1.is it good to assign velocity at output? 2.is it necessary to assign pressure at outputs while i am assigning velocities? 3.how can i get good solution if i don't want to assign velocities at outputs?

I appreciate all your answers

A.M.Memarzadegan (M.S degree)Sharif University of Technology

Re: OUTPUT CONDITION
 

Dear A.M. Memarzadegan,

For an outlet boundary condtion there is 1 incoming characteristic which means you must ONLY specify 1 thing. When I solve a 2d nozzle I usually specify the pressure because that is what I know. If you know the pressure at the outlet then you have to specify the pressure, you must look elsewhere for the oscilatory behaviour. For example maybe the outlet boundary is too close. Another idea is to say that the average pressure at the outlet is equal to the pressure you specify, this will allow for some flexibility. The last idea is non-reflecting boundary conditions but I am still lost on that one so I can say much about it.

Kind Regards, Kevin

Re: OUTPUT CONDITION
 

Hi Amir,

As a general CFD rule, under no circumstances we are supposed to over-specify boundary conditions. For instance, when you define velocity at the inlet, you should NOT specify velocity at the outlet. Regarding your oscillatory results, I recommend you to go through your code as Kevin suggested. Check out your pressure-correction equation once more.

Former Student of Sharif,

--Farshid

Re: OUTPUT CONDITION
 

Thank you for your consideration,

Actually the outlets are not far enough to let the flow be fully developed and this is the main problem,because the sudden assignment of pressure cause divergence (i remind u i can get solution only for Re<50 (osilatory one)).
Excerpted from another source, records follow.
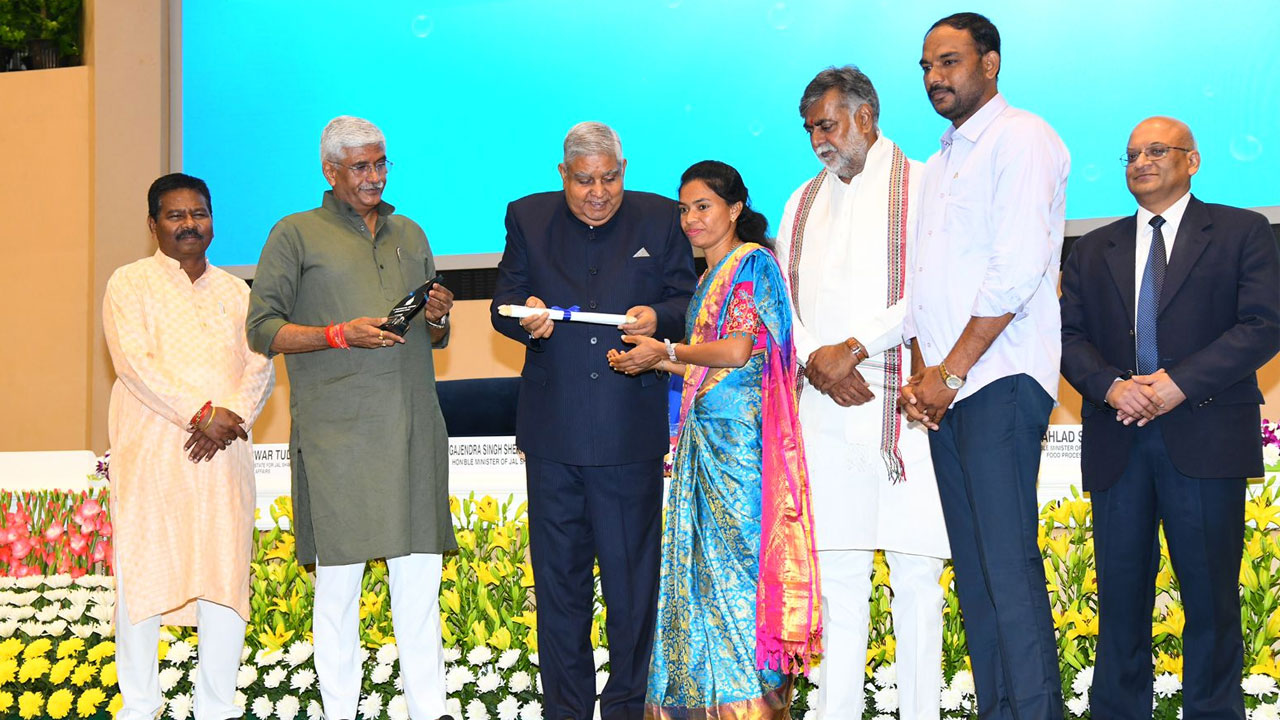 National water awards | జాతీయ జ‌ల అవార్డును అందుకున్న జ‌గన్నాథ‌పురం స‌ర్పంచ్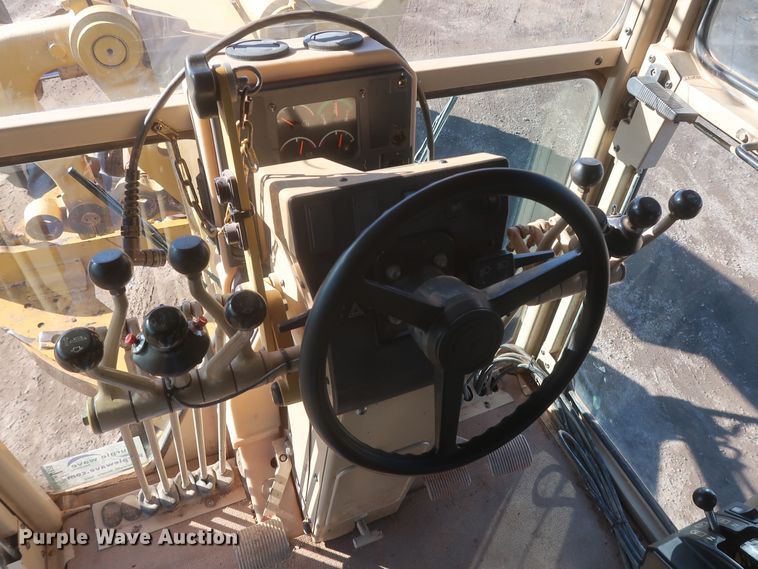 image for item DJ1826 2001 Caterpillar 140H  motor grader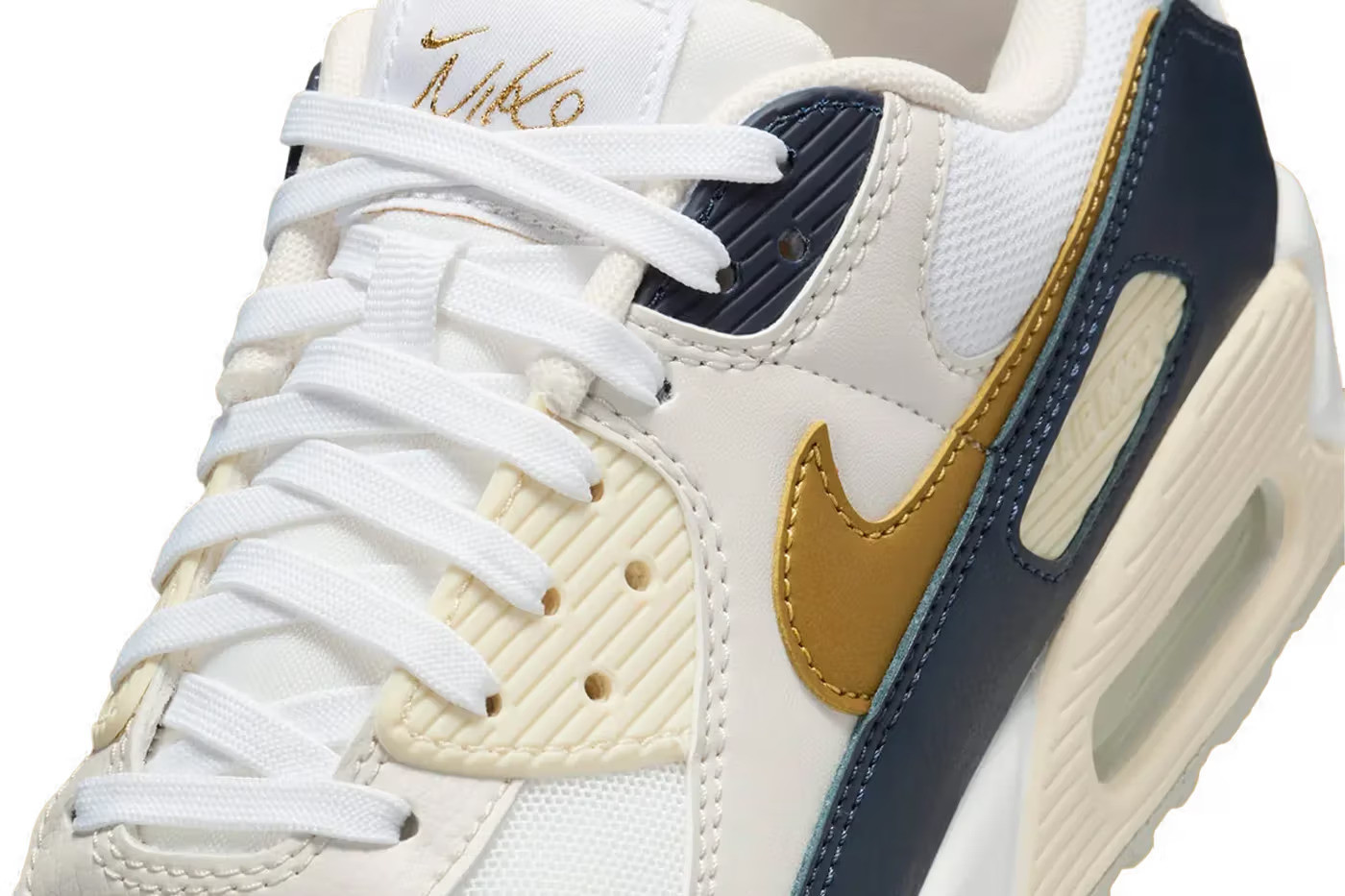 Кросівки NIKE W AIR MAX 90 NN HF3444-100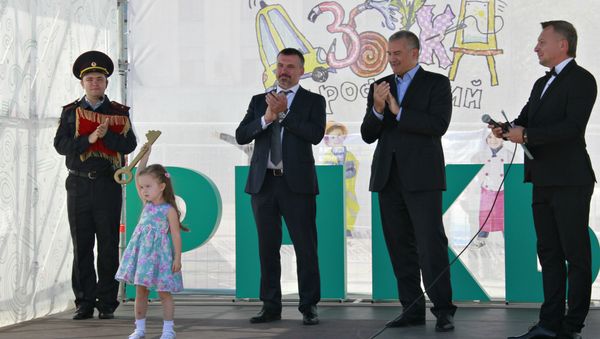 Глава Республики Крым Сергей Аксенов и председатель совета директоров ПАО Российский национальный коммерческий банк Михаил Якунин на открытии проекта Азбука профессий РНКБ в Симферополе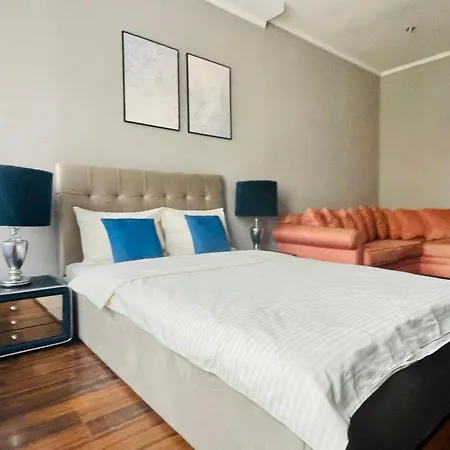 Apartment куліша 41, помешкання в центрі біля тц форум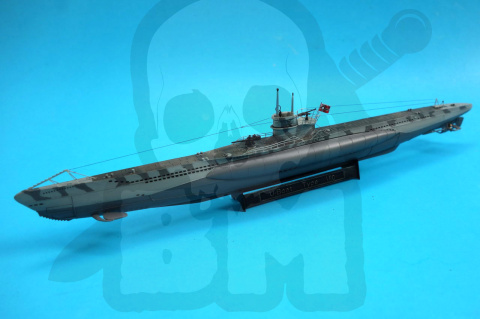 Mistercraft D-290 Das U-Boot VIIC U-617 1:400 + farbki 2 pędzelki klej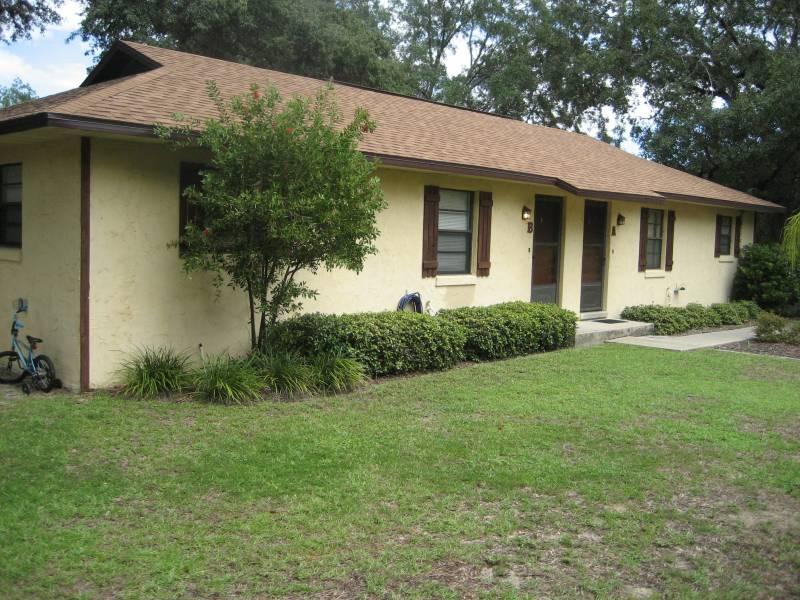 2 Duplex (4 Units) in Accessible Location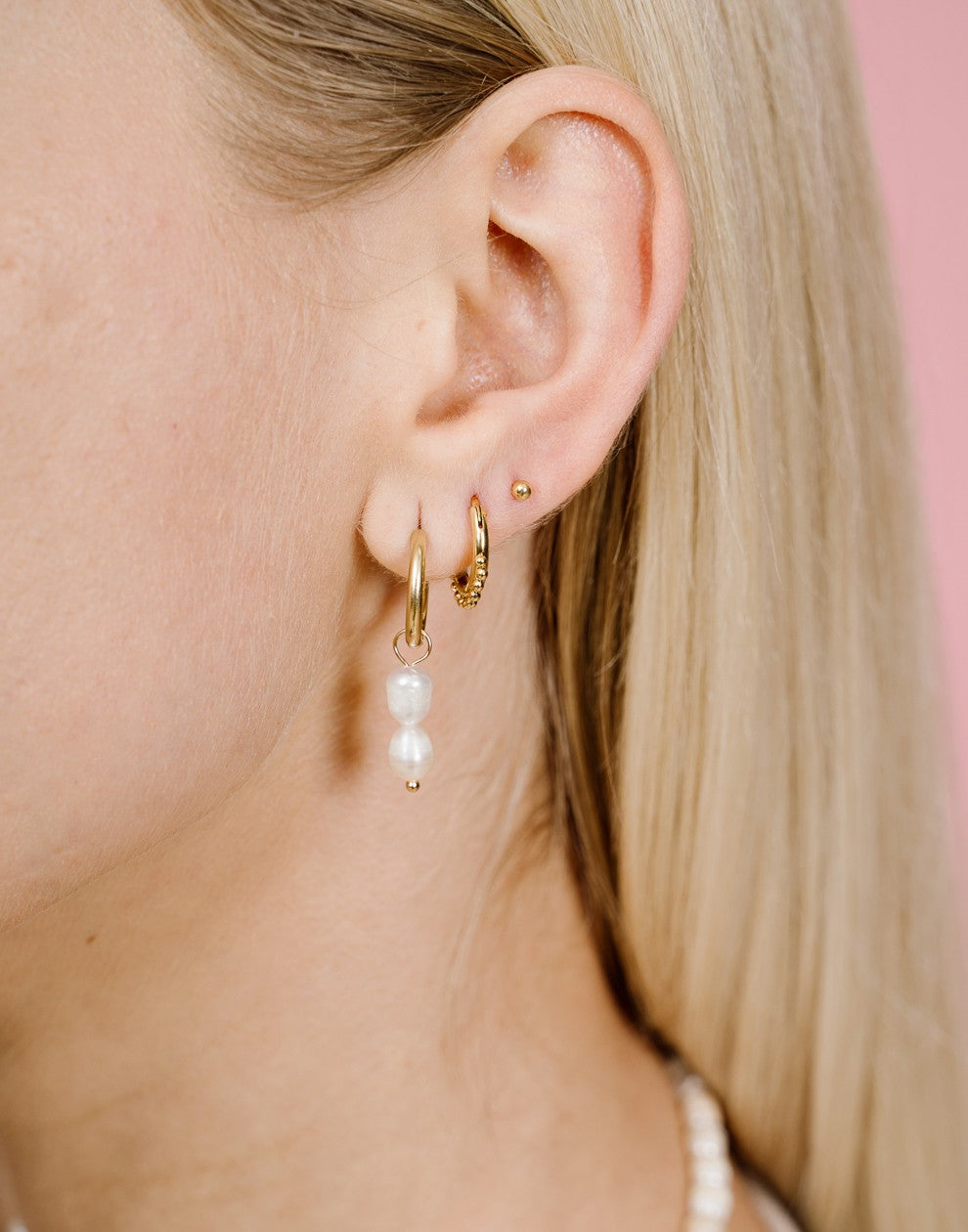 Oorringen bali bolletjes mini goudkleurig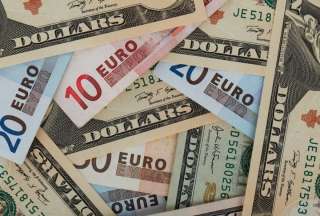 El d&oacute;lar cae ante la baja inflaci&oacute;n en Estados Unidos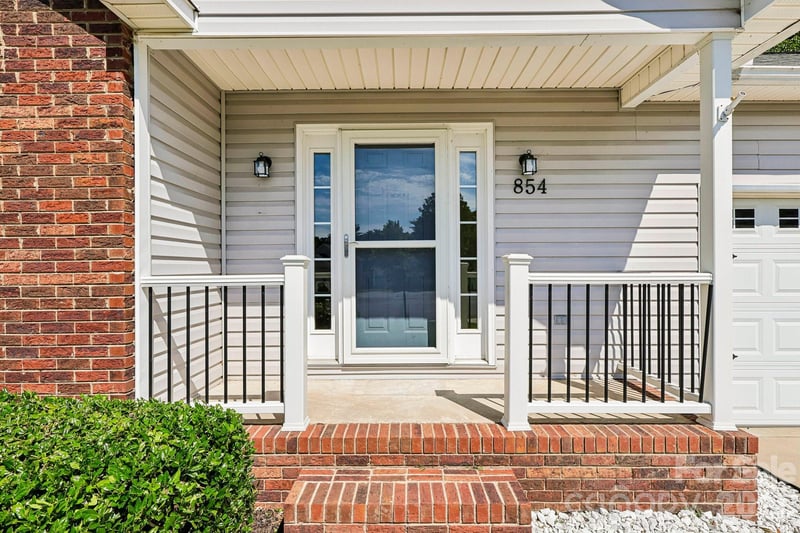 854 Highlander Ct, Concord, NC 28025
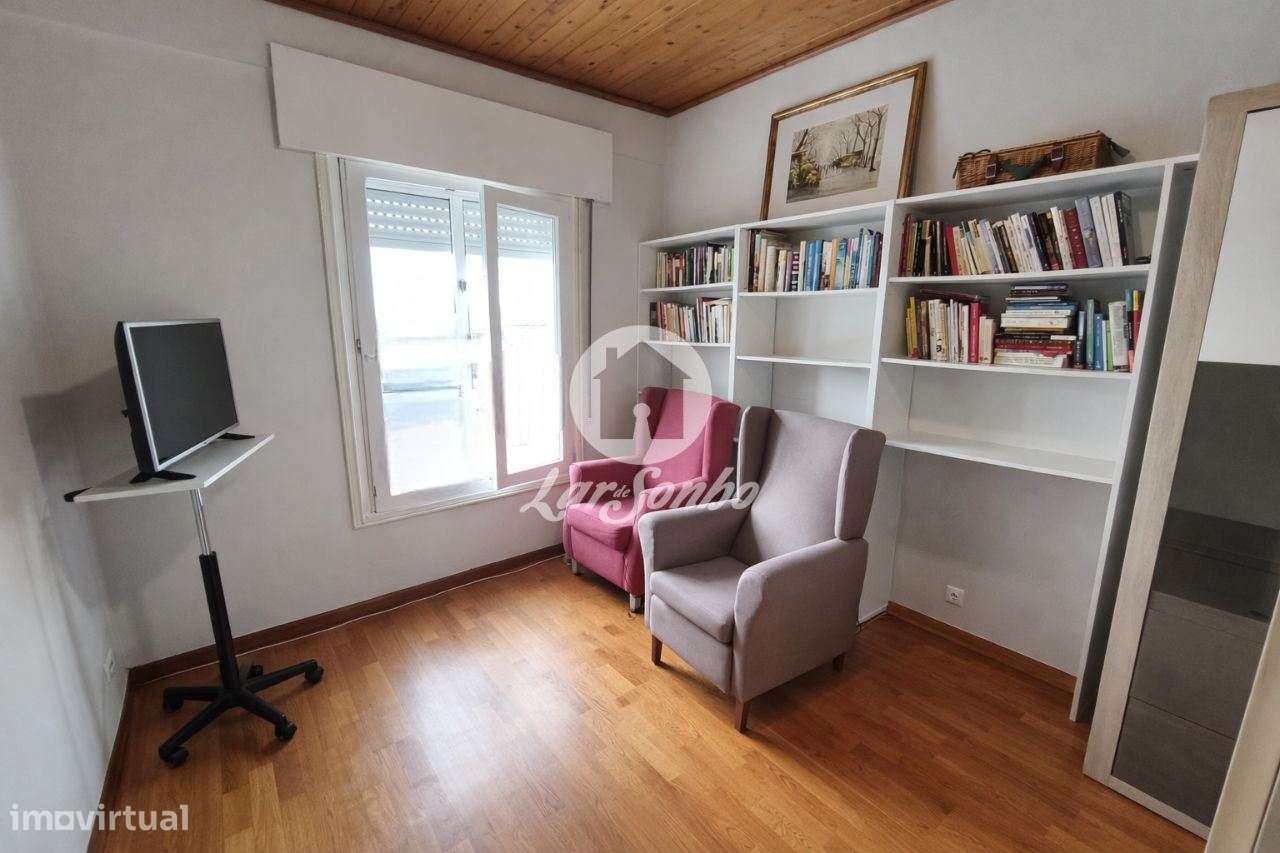 Apartamento no centro de Barcelos.-5
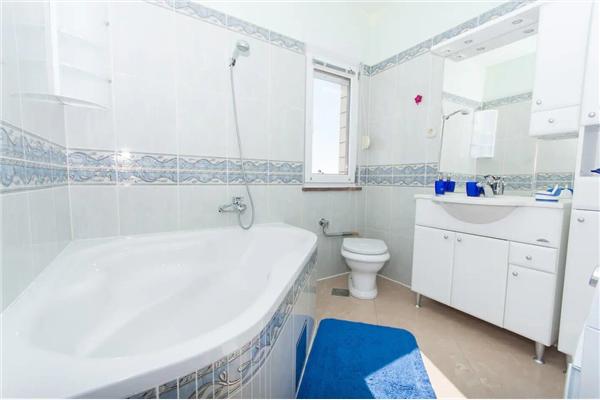 Apartment A1, for 6 persons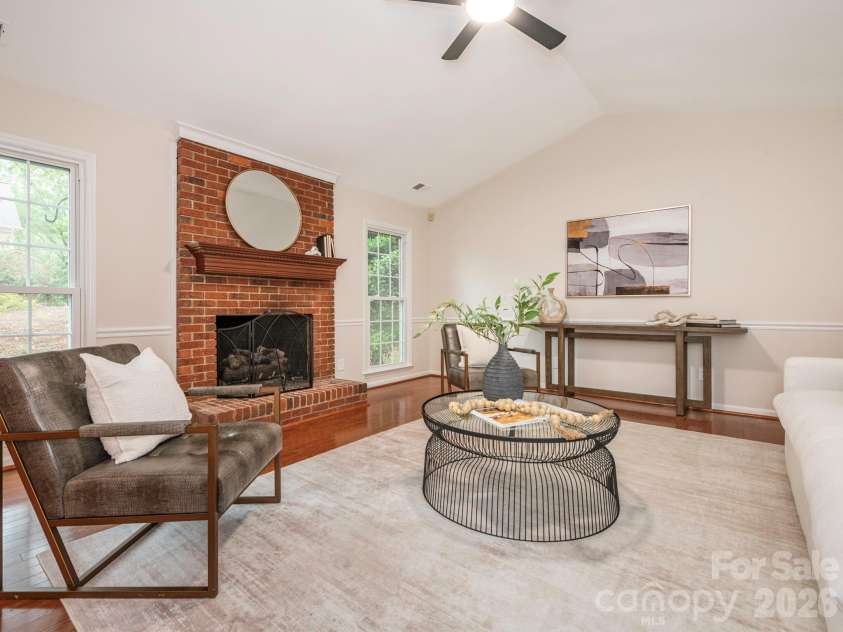1207 Matthews Plantation Drive, Matthews, NC 28105.  MLS# CAR4428442, YatesRealty ID 53119. 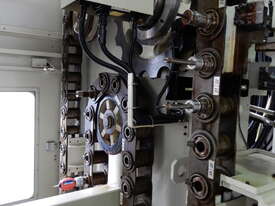 Mitsui Seiki HU50A-5X 5 axis Horizontal Machining Centre - picture1' - Click to enlarge
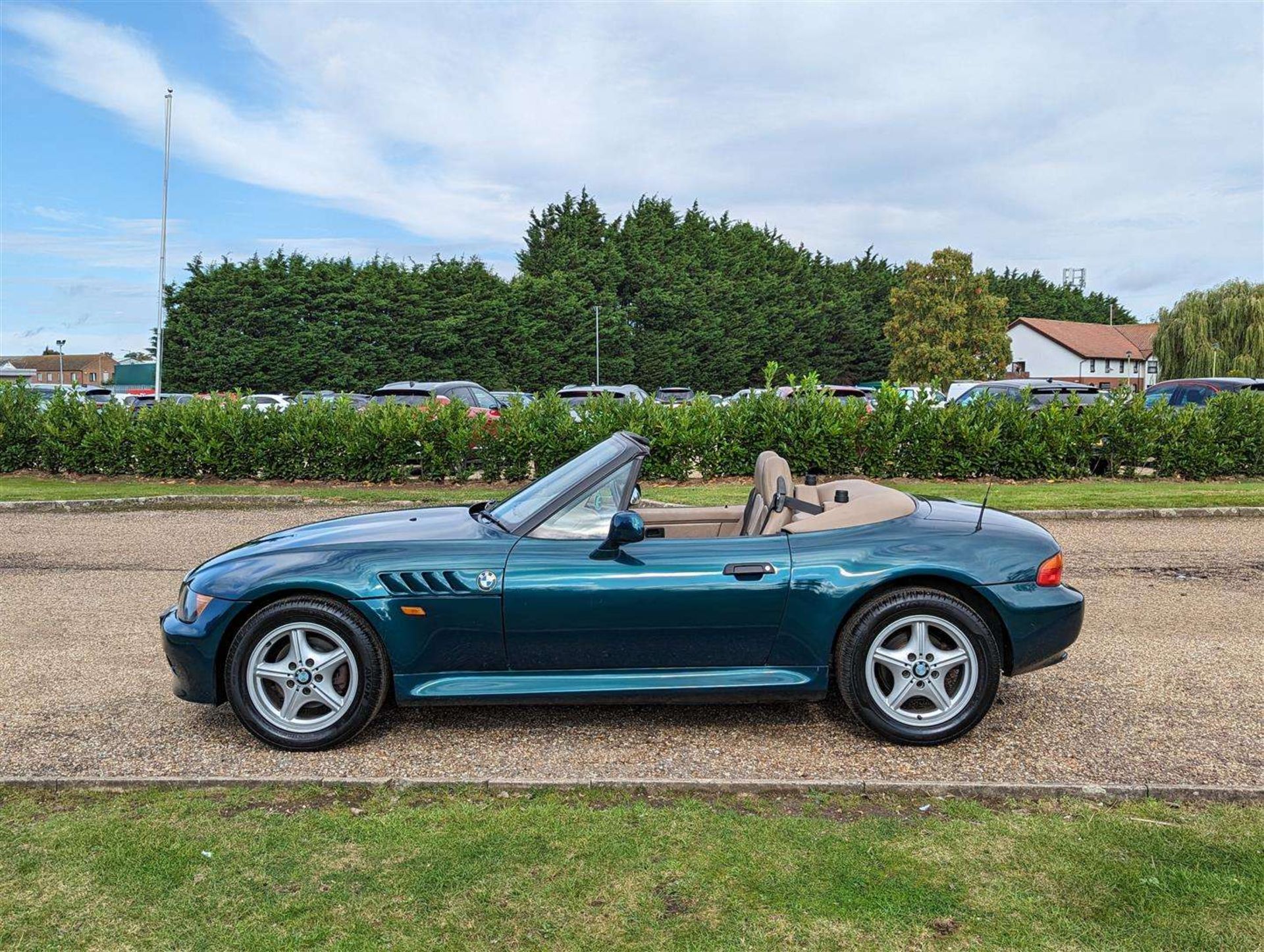 1997 BMW Z3 1.9 **SOLD - Image 3 of 29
1.how can i prescirbed B.C in this situation(where outlets are close)?my professor says to fix velocity at outlets,in other word to assume we have specified suction fans at outlets.

I've checked my equations several times dear Kevin&farshid.

2.Is it true to say that if the code solves Cavity it has no problem? 3.how can i attach picture in this group?

Looking forward to hearing from you Memarzadegan,Amir Mohammad Sharif university

Re: OUTPUT CONDITION
 

Hello Amir,

O.K. so you have checked the equations so that either leaves the grid or the boundary conditions. Which brings us back to your question, So I suggest using the average pressure technique since you can not move the outlet farther down stream.

First calculate the average pressure on the outlet: P_avg = 0. sumdy=0. Do j=1,nj P_avg = P_avg+(P_j*abs(dy_j)) sumdy = sumdy+abs(dy_j) enddo P_avg=P_avg/sumdy

Now caculate the pressure on the outlet

Do j=1,nj P_j_outlet = P_exit/P_avg*P_(j) enddo

P_exit is the value that you specify.

I use this technique when I am solving an airfoil because the wake must pass through the outlet and I don't want to use a large grid (too much time) which would allow the wake to die out and come back to freestream conditions.

About specifying the velocity: it just seems strange because do you specify total velocity(but then how do you get the components) or just the u-component, do you assume the v-component is zero? Keep in mind though I am used to solving problems with nozzles where we apply a back pressure so that is why I am so used to using pressure.

IGNORE THE FIRST ONE
 

Now I know why they have the preview button.

O.K. so you have checked the equations so that either leaves the grid or the boundary conditions. Which brings us back to your question, So I suggest using the average pressure technique since you can not move the outlet farther down stream.

First calculate the average pressure on the outlet:

P_avg = 0.

sumdy=0.

Do j=1,nj

P_avg = P_avg+(P_j*abs(dy_j))

sumdy = sumdy+abs(dy_j)

enddo

P_avg=P_avg/sumdy

------------- Now caculate the pressure on the outlet ----------------------------------------

Do j=1,nj

P_j_outlet = P_exit/P_avg*P_(j)

enddo

P_exit is the value that you specify.

I use this technique when I am solving an airfoil because the wake must pass through the outlet and I don't want to use a large grid (too much time) which would allow the wake to die out and come back to freestream conditions.

About specifying the velocity: it just seems strange because do you specify total velocity(but then how do you get the components) or just the u-component, do you assume the v-component is zero? Keep in mind though I am used to solving problems with nozzles where we apply a back pressure so that is why I am so used to using pressure.